開園時間は季節によって異なり、4月から10月は5時から22時、11月から3月は5時30分から22時です。

徒歩では、JR山形駅東口から東大手門まで約15分、西口から南門まで約10分です。

園内には無料駐車場があり、駐車台数は230台で、身体障がい者等用駐車スペース5台を含みます。車両の出入は北門からのみです。

車の場合は山形蔵王ICから15〜20分が目安です。

見学のマナーと注意点

霞城公園は国指定史跡のため、石垣や土塁に登ったり、遺構を傷つけたりする行為は禁止されています。

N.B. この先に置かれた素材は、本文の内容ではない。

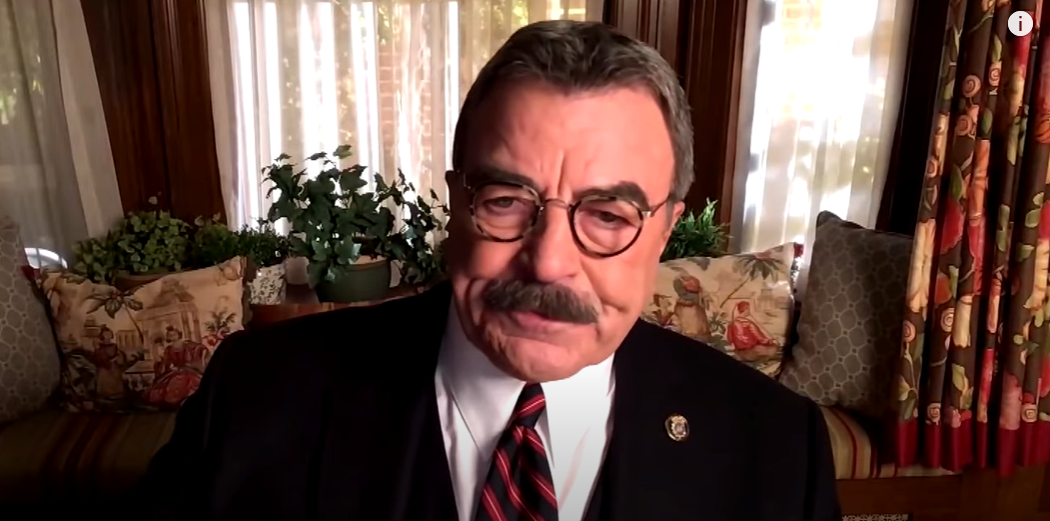 Tom Selleck giving a tour of his Los Angeles apartment and his Hidden Valley Ranch on September 23, 2022 | Source: YouTube/Famous Luxury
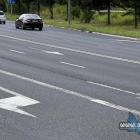 Pęknięta jezdnia na DK79 w Jaworznie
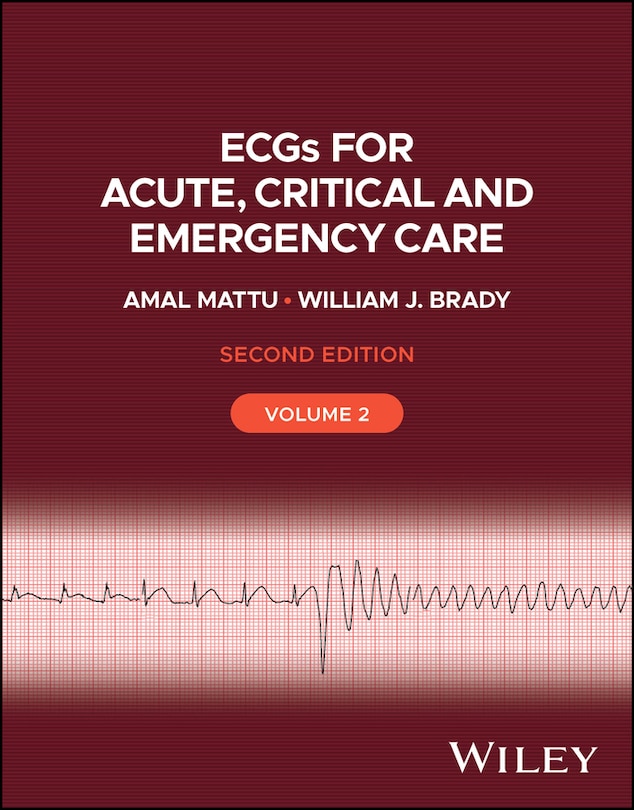 Front cover_ECGs for Acute, Critical and Emergency Care, Volume 2
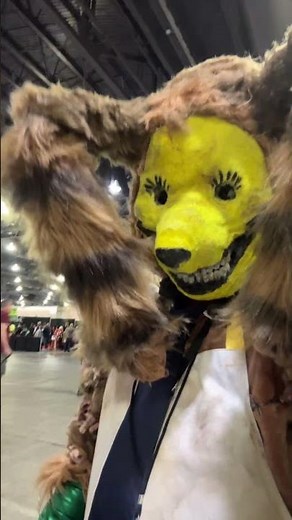 Pumpkin Rabbit makes an appearance at philly fan expo! #pumpkinrabbit #lorenzowaterman #twf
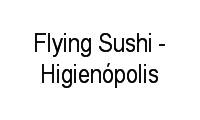 Logo Flying Sushi - Higienópolis em Santa Cecília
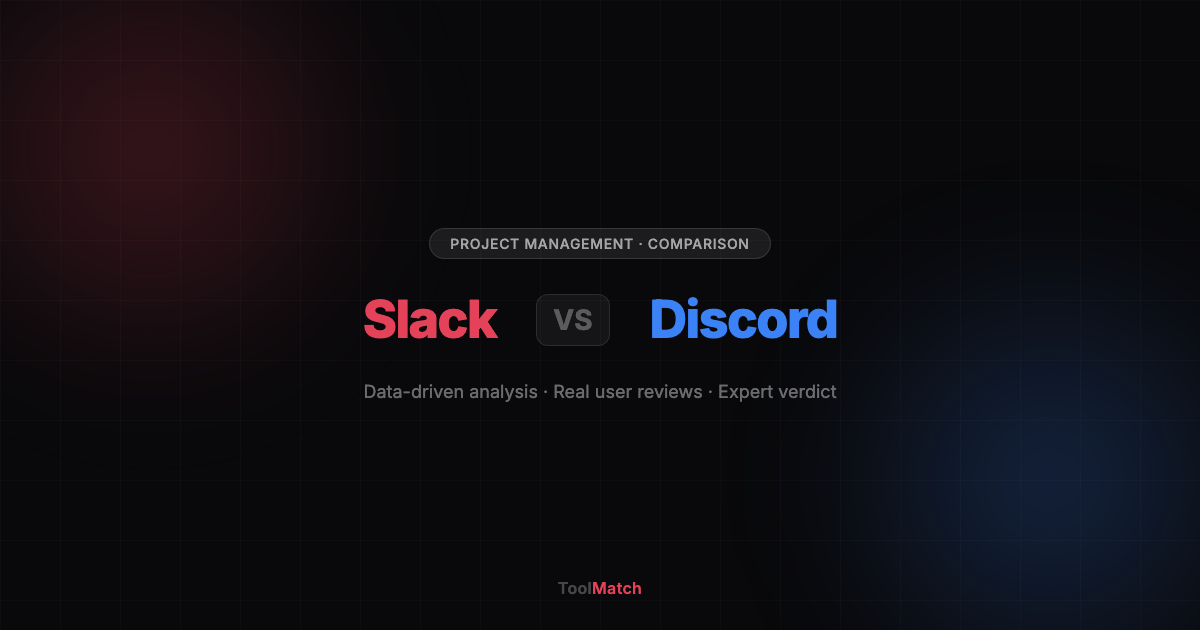 Slack vs Discord comparison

公開施設の期間や時間は変わることがあるため、訪問前に案内を確認しておくと安心です。

広い園内を歩くため、歩きやすい靴と、夏場は日よけ・水分補給の準備をしておきましょう。

まとめ|山形城跡・霞城公園を歩く前に知っておきたいこと

山形城跡・霞城公園は、山形の歴史を静かにたどれる城跡でありながら、気負わず歩ける公園として親しまれている場所です。

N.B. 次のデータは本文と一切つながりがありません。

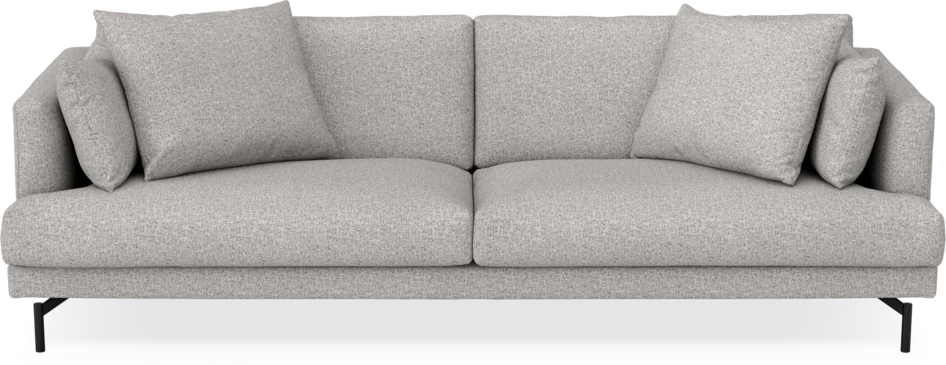 Harper - 4-sits soffa - Vit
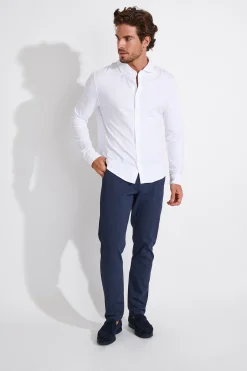 Cala 1789 Chemise blanche FAUST TERZO New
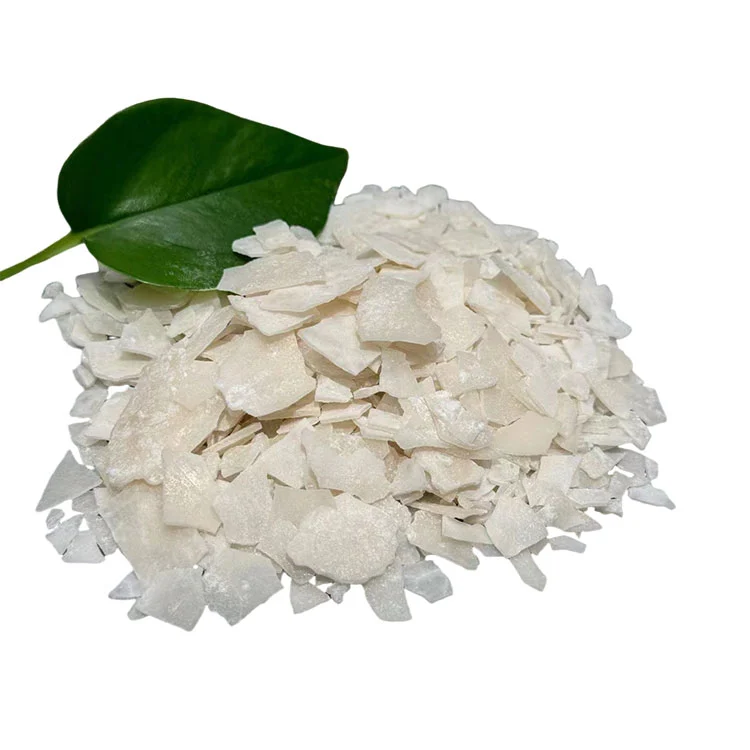 Serpihan Magnesium Klorida 46%.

堀や石垣、復原された二ノ丸東大手門や本丸一文字門を見ながら歩き、気になれば周辺の文化施設にも足をのばす。

そんな巡り方をすると、山形城が「跡地」ではなく、今も地域の記憶を伝える場所として残っていることが見えてきます。

よくある質問

A. 山形城跡・霞城公園は、延文元年(1356年)に斯波兼頼が築城し、第11代城主・最上義光が現在の姿に整えた国指定史跡です。約35.9ヘクタールの敷地は日本100名城に選定され、戦場で霧に隠れたという伝承から「霞ケ城」の別名を持つ、東北屈指の名城跡として知られています。
A. 入園料は無料、年中無休で、開園時間は4月~10月が5時~22時、11月~3月が5時30分~22時です。早朝開園を活用したジョギングや散策が地元住民の日課になっており、土塁越しに朝もやに浮かぶ本丸の情景は観光客の少ない時間帯だけの特別な眺めです。
A. JR山形駅東口から東大手門まで徒歩約15分、西口からなら南門経由で徒歩約10分と距離が短くなります。荷物が多い場合はベニちゃんバス「霞城公園前」下車徒歩5分が便利で、西口側は線路をくぐる地下通路があるため雨の日でも濡れずに移動できます。
A. 本丸北大手門跡西側の管理事務所前に無料駐車場が230台分(身障者用5台含む)整備されています。車両の出入口は北門のみに限られるため、カーナビは「北門」を目的地に設定しましょう。観光バス専用スペースは二ノ丸東大手門東側に別途設けられています。
A. 園内約1500本の桜は例年4月上旬から中旬に見頃を迎え、開花時期に合わせて「霞城観桜会」が開催されます。園内は18時~21時30分、お堀沿いは18時~22時にライトアップされ、東堀の水面に映り込む夜桜は徒歩で線路沿いに歩くと列車と桜を同じフレームに収められる隠れた撮影スポットです。
A. 二ノ丸東大手門は1991年に復原された城の正面玄関で、枡形・櫓門・続櫓・高麗門・土塀が一体となった東北最大級の門です。本丸一文字門は敵の進路を折り曲げる枡形構造を持ち、高麗門をくぐり抜けて枡形内から見上げる石垣の迫力は、復原施設ながら戦国期の防御思想を体感できる瞬間です。
A. 山形城のVR・ARは、園内8か所のVRポイントと本丸御殿跡のARポイントで体験できます。スマートフォンをかざすと本丸御殿などが立体的に再現され、利用は無料です。通信量は自己負担なので、長時間歩く日は園内Wi-Fiやモバイルバッテリーを使うと安心です。
A. ゆっくり歩いて主要な門や石垣を巡ると約1時間半~2時間が目安です。東大手門→本丸一文字門→本丸御殿跡→二ノ丸の堀の順に時計回りに歩くと見落としがなく、広大な敷地は日陰が少ないため夏場は帽子と水分補給、冬場は足元の凍結対策を意識した靴選びが重要になります。